Normality is a hard thing to measure, however. In what ways do we mean normal? Depending on the situation that might mean physical attributes, actions, or behaviors, or perhaps something else entirely. A much easier question to answer is "what is average?" Once we know what the statistical average of something, then it is much easier to determine whether what we're analyzing deviates significantly from the baseline.
None of what I've said above is particularly controversial. Yet in the very action of picking a baseline and deciding deviancy from said baseline can cause great friction.
People naturally feel itchy around statistics, or even just the vague idea of human engineering. Part of it is that thinking statistically is not natural for humans, which leads to the uncomfortable feeling that sabermetric style will lead to some kind of Orwellian nightmare.
Let's not fall to deep in the despairs of literary critique, however. What is facing the Diamondbacks fandom is the threat of dismal due to regression to the mean. It's the concept driving virtually every argument that the D-backs will slide backwards from 2012, and it isn't particularly nice. It also is almost certainly true.

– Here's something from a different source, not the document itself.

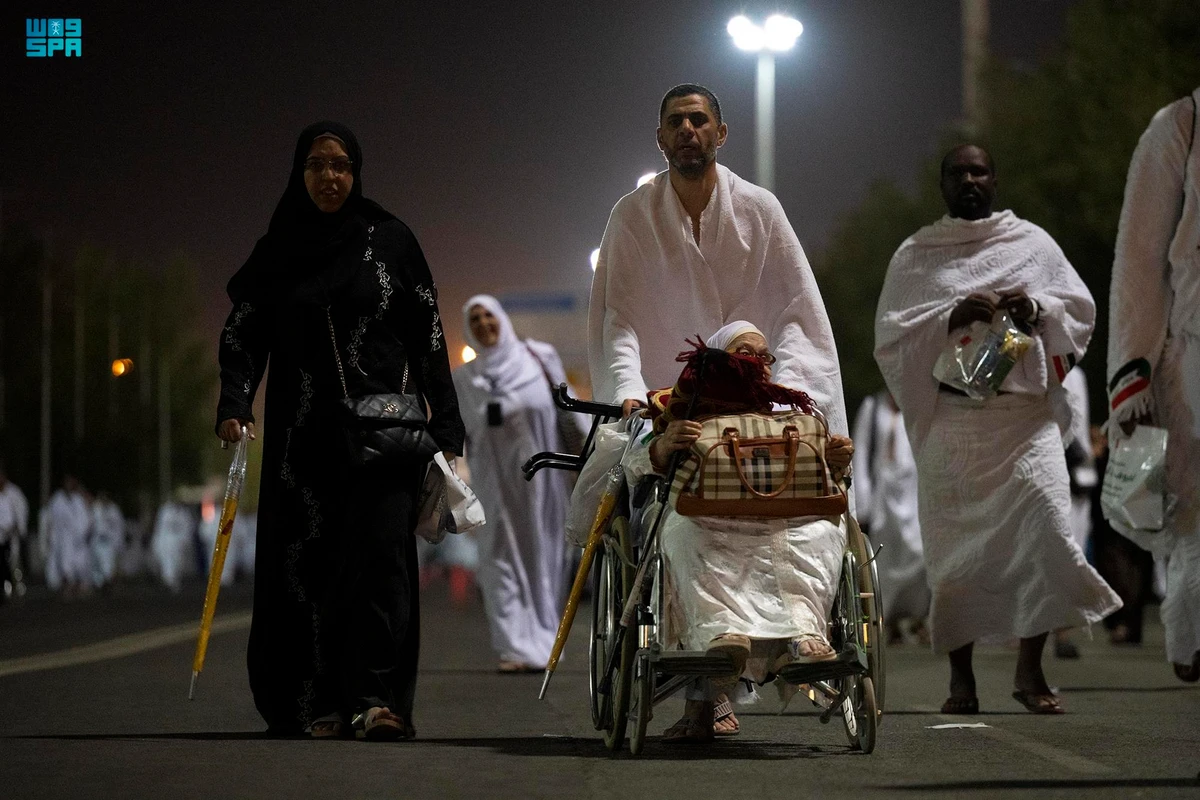 Muslim faithful on their way to Mount Arafat to pray. (@SPAregions)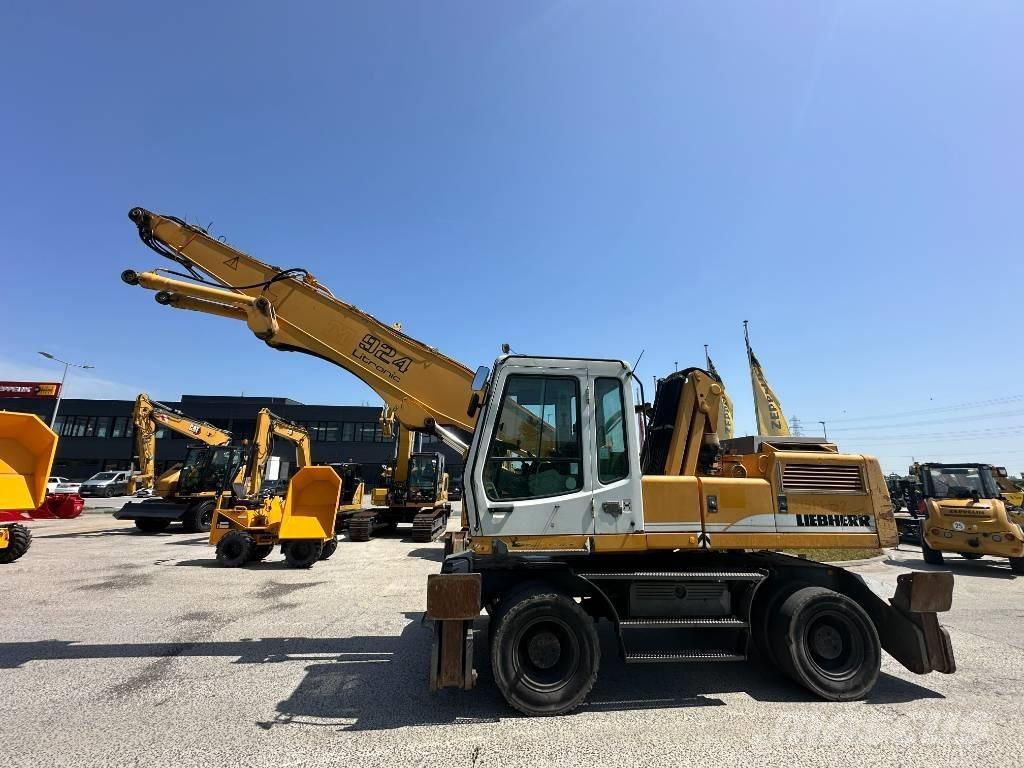 Liebherr A 924 Bageri za prenos primarnih/sekundarnih sirovina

For the sake of putting us all on the same page, I'll briefly describe regression to the mean. It conceptually fleshes out what I described at the beginning of the piece: that there is some kind of known or estimable mean, and that any deviation from it is more likely to be then followed by a return to the mean. In other words, if Shaq is a 52.7% free throw shooter, and he shoots 90% one night, what should we expect in the next game? Did he suddenly learn how to shoot free throws? No, he likely had an incredibly deviated night and we should more than expect the next game to be somewhere between 90% and 52.7%.
The process of figuring out exactly where between those two numbers it will be is the tricky part. Shaq very well could shoot worse than 52.7% the next night, or he has small possibility to shoot much closer to 90%. But, through the magic of statistics, we know that overwhelmingly the smart "bet" would be to assume the number will be closer to the baseline. This only works, of course, if the initial mean of 52.7% actually is true. I think we can assume it is closer to being true for Shaq, given he played in 1200 games.
So to take this framework and apply it to the Diamondbacks, we would look at the various performance metrics and ask ourselves whether or not that player went beyond his baseline, or is the 2012 closer to the real number? It's difficult to say, because it depends on the sample size of each player. If it's a rookie, or even a guy with only a couple years of experience, we can't really say he won't get better. But there does reach a certain point when we can't expect a player to have a major jump in production. It's that assumption that is weighing down the projections for the Diamondbacks in 2012.
Even a slight regression towards the mean doesn't suppose awfulness. The Diamondbacks could have a very good year because other players will have career years, or perhaps the Giants will be particularly bad, or some other unpredictable event that we can't consider. It shouldn't be assumed that because the question has been raised that we don't support particular players, or that we're lousy fans. We're all trying to get to the same place.